After locating the line that contains "Liege (2008) Framed" in the data below, set down exactly that line and each one after it through the line that contains "A Painted turtle", and nothing more.

Records shown:

[Start of section]

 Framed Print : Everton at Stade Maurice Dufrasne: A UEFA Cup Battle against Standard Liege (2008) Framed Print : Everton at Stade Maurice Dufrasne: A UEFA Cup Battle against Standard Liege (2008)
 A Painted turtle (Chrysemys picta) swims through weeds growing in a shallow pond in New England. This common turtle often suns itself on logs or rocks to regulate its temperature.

[End of section]
[Start of section]

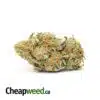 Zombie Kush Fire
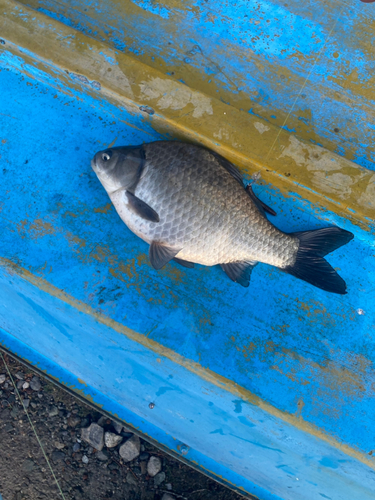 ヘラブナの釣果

[End of section]

Reply to the exercise:
 Framed Print : Everton at Stade Maurice Dufrasne: A UEFA Cup Battle against Standard Liege (2008) Framed Print : Everton at Stade Maurice Dufrasne: A UEFA Cup Battle against Standard Liege (2008)
 A Painted turtle (Chrysemys picta) swims through weeds growing in a shallow pond in New England. This common turtle often suns itself on logs or rocks to regulate its temperature.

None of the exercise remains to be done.